It’s a collage, right? Look at how flat blue the top portion is. All the shapes are rectilinear, easy to cut. Looks like a study in textures with a little nod to “urban decay art.”
But it’s a photo, a snap shot, completely unedited. I took it with my little pocket Sony from the Belmont El platform. Then I took two other frames changing the sky portion in each and thereby making the composition weaker and weaker.
Why is that? Because only in the first frame do we get a sense of tension at the top, caused by the thin sliver of blue. The next two are more balanced, more bland. What’s so great about tension, who needs it? In real life the experience of tension is something we want to get over with, but in art it’s essential. It makes us pay attention and that’s half the battle.
The first frame has three elements that hold our attention: movement, texture and a memory.
The movement is not produced by any narrative since the buildings aren’t going anywhere, but in the fact that your attention is always moving up: 1) because the vertical lines keep directing you upward and 2) because that’s where the tension is, due to the narrow blue sky portion.
Texture is time consuming to look at. The brick wall has faded images and writing on it and a hint of color. A wall at the left is rust stained. A white wall has horizontal lines, very flat and graphic. Because the composition is flat, we look at these patches of texture AS TEXTURE and this is absorbing and emotional. It’s emotional in a very primitive sense since texture appeals to the sense of touch.

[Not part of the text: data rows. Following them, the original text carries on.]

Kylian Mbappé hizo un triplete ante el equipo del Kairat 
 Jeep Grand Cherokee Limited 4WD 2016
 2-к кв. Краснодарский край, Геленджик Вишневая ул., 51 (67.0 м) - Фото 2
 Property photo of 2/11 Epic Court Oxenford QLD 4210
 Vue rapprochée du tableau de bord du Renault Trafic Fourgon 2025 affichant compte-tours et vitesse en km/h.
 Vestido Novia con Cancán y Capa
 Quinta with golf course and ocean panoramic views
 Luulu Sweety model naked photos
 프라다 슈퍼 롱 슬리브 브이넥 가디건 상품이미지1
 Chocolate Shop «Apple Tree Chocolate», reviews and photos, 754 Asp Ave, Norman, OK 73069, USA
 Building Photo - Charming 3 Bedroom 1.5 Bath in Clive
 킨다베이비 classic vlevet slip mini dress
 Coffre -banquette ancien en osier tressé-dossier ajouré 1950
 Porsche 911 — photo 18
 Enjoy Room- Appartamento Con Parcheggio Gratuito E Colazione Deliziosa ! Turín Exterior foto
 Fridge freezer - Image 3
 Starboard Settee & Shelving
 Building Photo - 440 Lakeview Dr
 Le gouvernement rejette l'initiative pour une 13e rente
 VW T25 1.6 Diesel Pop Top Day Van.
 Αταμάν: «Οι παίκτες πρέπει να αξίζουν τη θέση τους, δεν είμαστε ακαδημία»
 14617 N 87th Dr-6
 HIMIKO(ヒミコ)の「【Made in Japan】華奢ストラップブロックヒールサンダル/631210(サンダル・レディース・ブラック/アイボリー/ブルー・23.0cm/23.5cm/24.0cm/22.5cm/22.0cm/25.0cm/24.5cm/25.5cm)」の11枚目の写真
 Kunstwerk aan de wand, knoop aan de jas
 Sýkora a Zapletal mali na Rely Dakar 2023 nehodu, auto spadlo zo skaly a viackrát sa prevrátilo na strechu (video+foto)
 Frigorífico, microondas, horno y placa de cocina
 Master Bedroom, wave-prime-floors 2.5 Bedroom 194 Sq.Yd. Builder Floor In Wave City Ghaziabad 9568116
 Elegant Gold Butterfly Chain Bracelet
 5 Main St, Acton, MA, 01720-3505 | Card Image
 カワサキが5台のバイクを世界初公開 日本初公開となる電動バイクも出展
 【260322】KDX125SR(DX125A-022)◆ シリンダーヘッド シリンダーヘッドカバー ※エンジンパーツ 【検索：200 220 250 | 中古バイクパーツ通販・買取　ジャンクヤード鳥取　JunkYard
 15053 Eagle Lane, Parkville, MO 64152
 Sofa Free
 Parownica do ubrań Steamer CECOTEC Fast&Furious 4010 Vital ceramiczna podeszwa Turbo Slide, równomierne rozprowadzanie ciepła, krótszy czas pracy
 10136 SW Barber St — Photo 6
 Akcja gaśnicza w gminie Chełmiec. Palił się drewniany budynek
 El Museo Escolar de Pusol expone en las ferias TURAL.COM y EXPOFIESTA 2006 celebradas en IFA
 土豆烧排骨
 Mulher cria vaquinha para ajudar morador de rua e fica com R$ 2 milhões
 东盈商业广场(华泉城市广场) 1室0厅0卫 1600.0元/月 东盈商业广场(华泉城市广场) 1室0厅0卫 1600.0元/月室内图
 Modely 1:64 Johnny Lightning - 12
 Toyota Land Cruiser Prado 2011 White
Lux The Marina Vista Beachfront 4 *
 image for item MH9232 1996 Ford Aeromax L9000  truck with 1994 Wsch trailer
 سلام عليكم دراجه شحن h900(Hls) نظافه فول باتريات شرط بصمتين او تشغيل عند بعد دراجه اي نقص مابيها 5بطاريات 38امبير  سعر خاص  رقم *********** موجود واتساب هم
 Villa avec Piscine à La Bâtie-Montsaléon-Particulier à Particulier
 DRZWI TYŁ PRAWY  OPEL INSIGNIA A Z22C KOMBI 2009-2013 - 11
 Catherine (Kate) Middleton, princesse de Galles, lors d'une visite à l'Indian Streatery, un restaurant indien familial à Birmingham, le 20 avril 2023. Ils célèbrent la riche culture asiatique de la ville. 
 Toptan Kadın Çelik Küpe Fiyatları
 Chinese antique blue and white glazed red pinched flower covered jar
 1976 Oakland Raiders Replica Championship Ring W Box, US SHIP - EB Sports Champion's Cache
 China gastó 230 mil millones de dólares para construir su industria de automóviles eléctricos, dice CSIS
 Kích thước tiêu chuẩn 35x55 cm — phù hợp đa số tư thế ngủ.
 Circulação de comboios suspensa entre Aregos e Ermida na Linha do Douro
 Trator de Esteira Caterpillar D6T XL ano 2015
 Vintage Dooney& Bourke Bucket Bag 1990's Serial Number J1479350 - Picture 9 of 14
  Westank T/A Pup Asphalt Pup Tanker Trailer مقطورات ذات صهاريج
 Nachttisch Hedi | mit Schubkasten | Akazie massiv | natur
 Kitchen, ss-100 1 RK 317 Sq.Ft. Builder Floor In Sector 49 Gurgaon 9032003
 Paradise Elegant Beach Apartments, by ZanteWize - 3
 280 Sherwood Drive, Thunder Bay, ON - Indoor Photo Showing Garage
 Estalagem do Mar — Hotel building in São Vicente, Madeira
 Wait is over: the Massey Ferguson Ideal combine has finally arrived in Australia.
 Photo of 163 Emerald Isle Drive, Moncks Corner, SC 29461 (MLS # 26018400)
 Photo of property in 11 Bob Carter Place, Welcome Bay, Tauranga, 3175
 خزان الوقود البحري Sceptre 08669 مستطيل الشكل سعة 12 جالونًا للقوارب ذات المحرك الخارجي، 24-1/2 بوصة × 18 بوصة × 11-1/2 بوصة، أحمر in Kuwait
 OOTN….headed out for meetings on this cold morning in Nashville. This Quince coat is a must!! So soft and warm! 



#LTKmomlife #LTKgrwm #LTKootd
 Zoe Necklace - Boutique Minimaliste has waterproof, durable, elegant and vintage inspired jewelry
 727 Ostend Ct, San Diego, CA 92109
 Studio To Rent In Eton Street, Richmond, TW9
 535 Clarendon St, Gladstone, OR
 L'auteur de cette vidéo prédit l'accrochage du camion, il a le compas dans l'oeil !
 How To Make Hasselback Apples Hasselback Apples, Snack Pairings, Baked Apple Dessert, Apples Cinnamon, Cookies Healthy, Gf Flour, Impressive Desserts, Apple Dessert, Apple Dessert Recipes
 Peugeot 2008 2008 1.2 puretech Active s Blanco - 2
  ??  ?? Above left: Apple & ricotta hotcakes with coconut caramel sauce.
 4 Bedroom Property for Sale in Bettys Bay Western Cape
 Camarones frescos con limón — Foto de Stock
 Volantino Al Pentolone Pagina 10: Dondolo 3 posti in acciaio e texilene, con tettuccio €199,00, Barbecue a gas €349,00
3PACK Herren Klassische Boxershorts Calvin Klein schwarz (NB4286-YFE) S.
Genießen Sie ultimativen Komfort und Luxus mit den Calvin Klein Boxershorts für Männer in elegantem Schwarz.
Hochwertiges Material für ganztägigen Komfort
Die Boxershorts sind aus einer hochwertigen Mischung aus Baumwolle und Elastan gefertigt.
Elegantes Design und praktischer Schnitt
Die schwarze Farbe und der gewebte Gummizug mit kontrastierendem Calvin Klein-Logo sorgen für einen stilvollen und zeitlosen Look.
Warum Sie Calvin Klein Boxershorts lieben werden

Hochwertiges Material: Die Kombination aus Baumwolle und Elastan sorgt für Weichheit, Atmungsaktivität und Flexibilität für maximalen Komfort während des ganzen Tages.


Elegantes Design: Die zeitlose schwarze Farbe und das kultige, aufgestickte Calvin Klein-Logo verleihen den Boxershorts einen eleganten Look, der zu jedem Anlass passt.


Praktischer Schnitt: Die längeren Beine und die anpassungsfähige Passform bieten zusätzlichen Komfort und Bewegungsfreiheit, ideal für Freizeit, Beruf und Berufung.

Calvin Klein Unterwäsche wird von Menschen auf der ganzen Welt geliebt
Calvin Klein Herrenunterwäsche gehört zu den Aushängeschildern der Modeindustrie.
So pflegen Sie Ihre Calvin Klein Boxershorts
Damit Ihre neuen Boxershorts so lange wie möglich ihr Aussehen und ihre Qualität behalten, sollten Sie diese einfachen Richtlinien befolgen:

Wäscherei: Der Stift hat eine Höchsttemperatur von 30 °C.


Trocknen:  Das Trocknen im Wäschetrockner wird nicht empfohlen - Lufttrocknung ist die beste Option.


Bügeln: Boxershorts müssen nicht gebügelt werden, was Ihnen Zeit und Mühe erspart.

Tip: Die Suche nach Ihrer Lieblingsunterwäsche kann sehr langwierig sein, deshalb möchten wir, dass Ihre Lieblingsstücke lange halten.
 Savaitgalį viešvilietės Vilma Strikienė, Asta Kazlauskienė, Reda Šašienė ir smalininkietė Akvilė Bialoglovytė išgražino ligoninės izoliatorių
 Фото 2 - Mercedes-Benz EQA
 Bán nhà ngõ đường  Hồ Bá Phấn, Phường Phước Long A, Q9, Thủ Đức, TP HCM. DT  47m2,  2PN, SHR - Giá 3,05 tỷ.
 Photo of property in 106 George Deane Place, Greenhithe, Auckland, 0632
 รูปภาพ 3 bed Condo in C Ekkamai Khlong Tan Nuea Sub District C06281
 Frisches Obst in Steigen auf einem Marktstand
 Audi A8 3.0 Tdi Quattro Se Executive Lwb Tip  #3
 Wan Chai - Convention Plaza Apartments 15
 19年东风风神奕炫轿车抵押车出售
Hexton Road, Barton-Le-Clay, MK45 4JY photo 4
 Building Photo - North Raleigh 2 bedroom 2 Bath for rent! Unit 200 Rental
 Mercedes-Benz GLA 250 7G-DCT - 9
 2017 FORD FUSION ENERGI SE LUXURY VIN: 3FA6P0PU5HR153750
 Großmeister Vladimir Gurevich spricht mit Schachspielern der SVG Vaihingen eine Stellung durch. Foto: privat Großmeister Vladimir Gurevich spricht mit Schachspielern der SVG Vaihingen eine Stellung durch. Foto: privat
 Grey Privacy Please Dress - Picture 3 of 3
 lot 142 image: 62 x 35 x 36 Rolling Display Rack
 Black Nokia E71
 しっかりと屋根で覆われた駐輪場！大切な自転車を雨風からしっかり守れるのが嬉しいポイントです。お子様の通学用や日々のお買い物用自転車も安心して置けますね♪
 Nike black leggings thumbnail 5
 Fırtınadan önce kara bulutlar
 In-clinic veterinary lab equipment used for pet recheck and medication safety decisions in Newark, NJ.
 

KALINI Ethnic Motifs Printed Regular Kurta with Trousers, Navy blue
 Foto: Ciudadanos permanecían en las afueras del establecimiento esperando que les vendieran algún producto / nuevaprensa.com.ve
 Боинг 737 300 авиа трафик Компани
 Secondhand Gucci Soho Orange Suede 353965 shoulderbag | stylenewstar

In all this flatness, there’s one hint of a past human presence. That’s the red cup on the white railing at right. The red cup takes up a tiny fraction of the whole picture, but notice how your eye keeps going to it. That’s because 1) red comes forward; 2) it’s at the edge of the picture, causing tension; 3) it’s the only detail and gives us a hint of a human presence and curiosity about humans is always with us.